Comme d’habitude, dès qu’ils ne peuvent plus faire tourner en boucle les images de destructions et d’affrontements, les médias dominants font disparaître de l’actualité les mobilisations qui continuent. Et la violence de la répression que le gouvernement déchaine est invisibilisée, laissant place aux seuls discours de « restauration de l’ordre et du calme ».
La levée le 28 mai de l’état d’urgence — mais pas du couvre-feu et des mesures d’assignation à résidence ni des poursuites judiciaires contre les « indépendantistes » — c’est toujours le « en-même-temps » macronien. S’il y a un recul politique, avec engagement de ne « pas passer en force », c’est qu’à moins de deux mois de l’ouverture des JO, les images de la violence coloniale sont contradictoires avec les discours lénifiants sur la France terre d’accueil et de progrès, les JO parenthèse de paix dans les conflits… Macron ne veut pas voir parasiter « son moment » par des images et des interpellations qui annihilent tous ses discours.
Répression et silence du gouvernement
Pourtant, sur place il n’y a pas de retour à la situation d’avant le 14 mai, jour du vote de cette loi de « recolonisation ». La mobilisation de la population qui exige un engagement simple — le retrait de la loi sur le dégel — continue, et en face la brutalité de la répression officielle des forces policières et judiciaires et extra-légale des milices « blanches » assurées de l’impunité aussi. Depuis le 28 mai, le gouvernement réaffirme le retour au calme. Ce qui correspond à l’arrêt des attaques contre des magasins, des entrepôts ou des bâtiments publics. En revanche, la levée des barrages, seulement ceux tenus par les Kanak et leurs alliés, pas ceux des « milices », ne se fait que par l’intervention des forces de l’ordre. Dès qu’elles se retirent, des barrages sont remis en place. Le bilan du FLNKS est clair. Dans un communiqué du 31 mai, adressé aux trois membres de la mission de médiation mise en place par Macron, le Bureau politique du FLNKS élargi aux « partis dits nationalistes et progressistes » et à la CCAT, « demande à ce que le président de la République soit explicite et en affirmant clairement qu’il ne convoquera pas le congrès de Versailles et abandonne, par conséquent, cette réforme institutionnelle ». Demande qui reste lettre morte.
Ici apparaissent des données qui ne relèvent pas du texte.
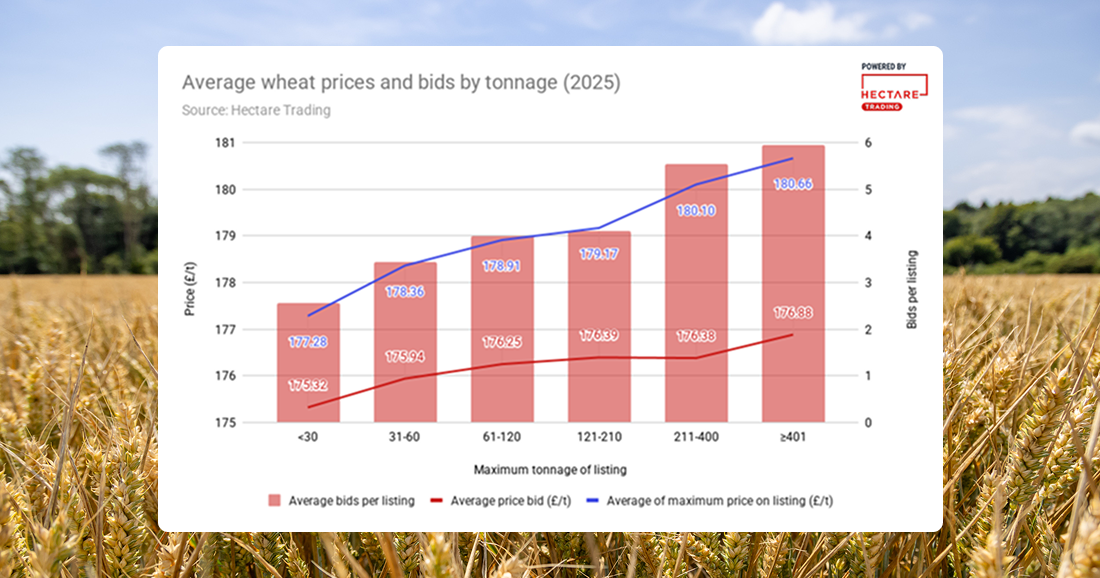 A chart showing the average number of bids and prices achieved on wheat listings on Hectare Trading throughout 2025, and how these both increase as the listing tonnage increases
Justice et prisons débordées
Pendant ce temps, la machine judiciaire s’emballe. Le 1er juin le haut-commissaire à Nouméa (titre du représentant de l’État français) a annoncé 725 interpellations depuis le 14 mai. Le Camp-Est « affiche des taux de surpopulation en moyenne de 150 % », rappelle à Mediapart un magistrat du tribunal de Nouméa. « Mais depuis le début des affrontements, on atteint près de 220 %. Les détenus sont quatre, cinq, voire six par cellule prévue normalement pour deux. Et les droits de promenade ont été réduits. Ce sont des conditions absolument inhumaines. »
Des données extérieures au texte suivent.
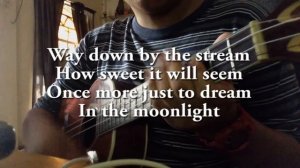 Tonight you belong to me - Ukulele Cover (Instrumental and Lyrics)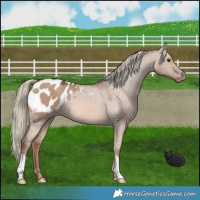 Horse Color:Red Dun Mushroom Appaloosa 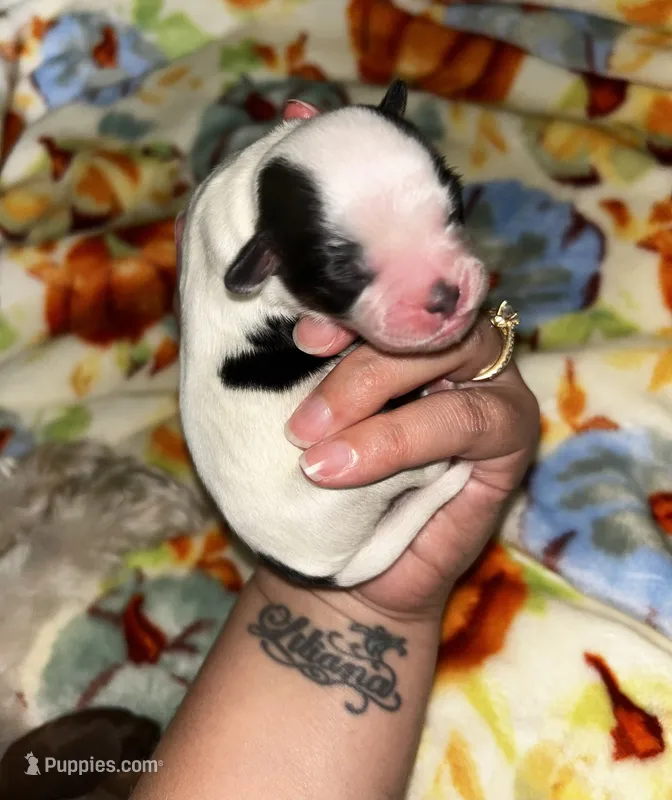  Casper  – Shih Tzu puppy for sale in New Haven, CT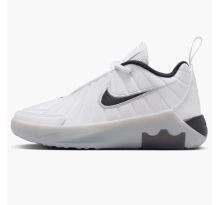 Nike LeBron Witness 9 Neutral Grey PS (HV2271-100)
Et les magistrats qui siègent quotidiennement en audience de comparution immédiate (au lieu de deux fois par semaine, appliquent avec zèle les consignes de Dupond-Moretti leur enjoignant de « garantir les sanctions les plus lourdes contre les émeutiers et les pillards ». Deux jeunes indépendantistes kanak de 21 et 24 ans sont condamnés à six mois de prison, avec mandat de dépôt, pour avoir jeté respectivement une bouteille et un caillou en direction des blindés de la gendarmerie1. Un dirigeant de la CCAT est sous le coup d’un mandat de dépôt jusqu’à son procès en août sous prétexte de non-respect de la mesure de contrôle judiciaire ! Des transferts de prisonniers ont été organisés vers la nouvelle prison du Nord, mais probablement aussi vers le territoire français. Pendant ce temps, les milices blanches n’ont pas été désarmées et continuent des incursions punitives dans les quartiers populaires.
Nous voulons la libération des prisonniers
Alors la solidarité est urgente ! Par le relais des revendications des organisations politiques et syndicales de Kanaky d’abandon de la loi et de reprise, sous l’égide d’une mission indépendante, des discussions autour du processus de décolonisation. La libération des prisonniers politiques kanak et les poursuites judiciaires contre les meurtriers des manifestantEs. Et en attendant cette libération, l’organisation de la solidarité avec les emprisonnéEs, solidarité financière, matérielle, juridique qui passe par des réunions et fêtes de soutien.
- 1. Gilles Caprais, « Six mois de prison pour un jet de bouteille : en Nouvelle-Calédonie, la répression des révoltes est en marche », Mediapart, 30 mai.